2014/08/04

憧れの五能線(その6)…大間崎・薬研温泉

恐山を出て、次に向かった先は下北半島の北の端の岬、大間崎(北緯41度33分、東経140度55分)です。この大間崎はさすがに本州最北端に突き出た岬、目の前前方から右手方向には津軽海峡、反対の左手方向には陸奥(むつ)湾が広がっています。晴れていると、北の方角、17km先に北海道の函館の景色が見えるのですが、この日は“やませ”が吹いていて霧がかかり、残念ながら北海道は見えませんでした。

大間崎2
大間崎3
大間崎4


大間崎のあたりには灯台と土産物屋さんが数店開いているくらいで、他には何にもありません。周囲の雰囲気は、まさに“さいはて”、ドが付くくらいの演歌の世界です。石川さゆりさんの名曲「津軽海峡、冬景色」、吉幾三さんの「雪国」、八代亜紀さんの「舟唄」…、幾らでも頭の中で浮かんできては何度もリフレインを繰り返します。恋に破れた人はこんな寂しいところまで流れていくものなのでしょうか。なにもそこまで思い詰めなくてもいいのに…って、私はお節介にもそう思います。

下北半島・大間と言えばマグロの一本釣りと、そのマグロの餌にもなるイカの漁が有名ですが、今の時期は海水の水温が高くマグロもイカも漁獲量がサッパリだそうで、今はウニが旬の時期だそうです。そのウニとイカ焼きを大間崎近くの漁師さんがやっているという直販の売店で食しました(マグロの一本釣りが本職だいう精悍な顔つきの若い漁師さんです)。

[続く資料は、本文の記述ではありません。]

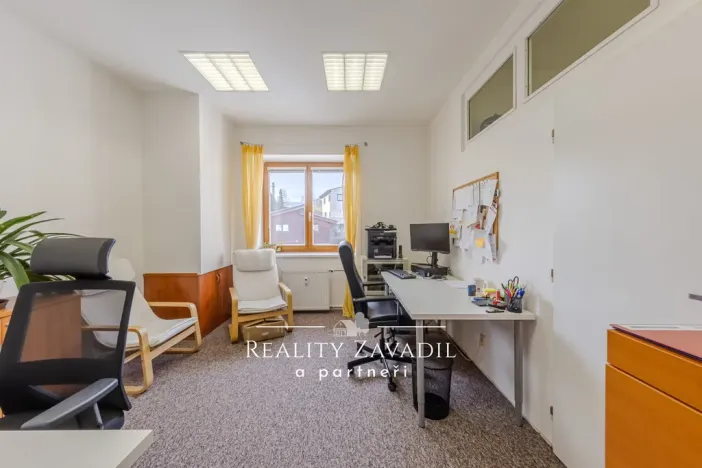 Prodej kanceláře, Jeseník, nám. Svobody, 356 m2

さすがに獲れたてのウニはホォ~~ント美味しかったです。とにかく甘い! これほど美味しいウニは、これまで食したことがありません。大満足でした。昨年のNHKの朝ドラ『あまちゃん』では岩手県久慈市の三陸海岸で「北限の海女さん」と、そこで獲れたウニが美味しいと有名になりましたが、久慈よりもうちょっと北に位置する下北半島大間崎のウニもメチャメチャ美味しいです。やはり、海鮮は文字通り“鮮度”が命なので、産地まで行って獲れたてを食するのに限りますね(^^)d

先ほど、下北・大間と言えば日本海と太平洋を東西に繋ぐ津軽海峡で鍛え上げられたでっかいマグロの一本釣りが有名だと書きました。3トンほどの小さな漁船に漁師1人が乗り込んで、流れの速い津軽海峡に繰り出し、時には500kg近い超巨大マグロも釣り上げることもあるようで、その日本最大のマグロの原寸大の模型が岬の先端に飾られていました。しかし、残念ながら、今は津軽海峡、特に太平洋の海水の温度が平年よりも高めで、マグロがこのあたりを回遊していないとかで、漁は行われていないとのこと。また、そのマグロの餌となるイカも海水の温度の関係で形が小さいとのことです。

大間崎1

大間崎を後にして、次はいよいよこの日の宿泊地は薬研温泉です。先ほど恐山が火山であるということを書きましたが、それゆえ、このあたりには幾つもの温泉が湧き出していて、その1つがこの薬研温泉です。名前からして湯治には大いに効果がありそうな温泉です。渓谷の中にひっそりと佇む温泉で、名前の由来は、その渓谷の形が昔、漢方薬を細かく砕く薬研という道具に似ているから。

薬研温泉1
薬研温泉2


先ほど下北・大間と言えばマグロ…と書きましたが、そのマグロをはじめとした下北(津軽海峡)の海の幸満載の夕食を楽しみました。ちなみに、大間で獲れたマグロは、基本的にそのほとんどすべてが釣り上げられた翌日には東京の築地の魚市場に運ばれて、そこでセリにかけられるそうで、地元では食べられないようです。なので、ここで食べたマグロはもしかしたら…。
その後は温泉。香りのよい総ヒバ造りの浴場と、目の前の渓谷を眺めながらの露天風呂を楽ませていただきました。源泉の温度が57℃。素晴らしい温泉でした。やはり、日本人にとって、旅に温泉はかかせません(^o^)v


【追記1】
この薬研温泉の南麓、下北半島の陸奥湾を臨む大湊には今も海上自衛隊の基地がありますが、昔から海軍の基地が設けられ、日本の本土防衛のための重要な拠点の1つになっています。この大湊に最初に海軍の基地が設けられたのは明治38年(1905年)。まさに日露戦争の真っ只中で、日本海海戦が行われた年です。ウラジオストクを母港とする極東ロシア海軍による北からの脅威に備えるため、この大湊の地の利に目をつけた日本海軍によって設置されたものです。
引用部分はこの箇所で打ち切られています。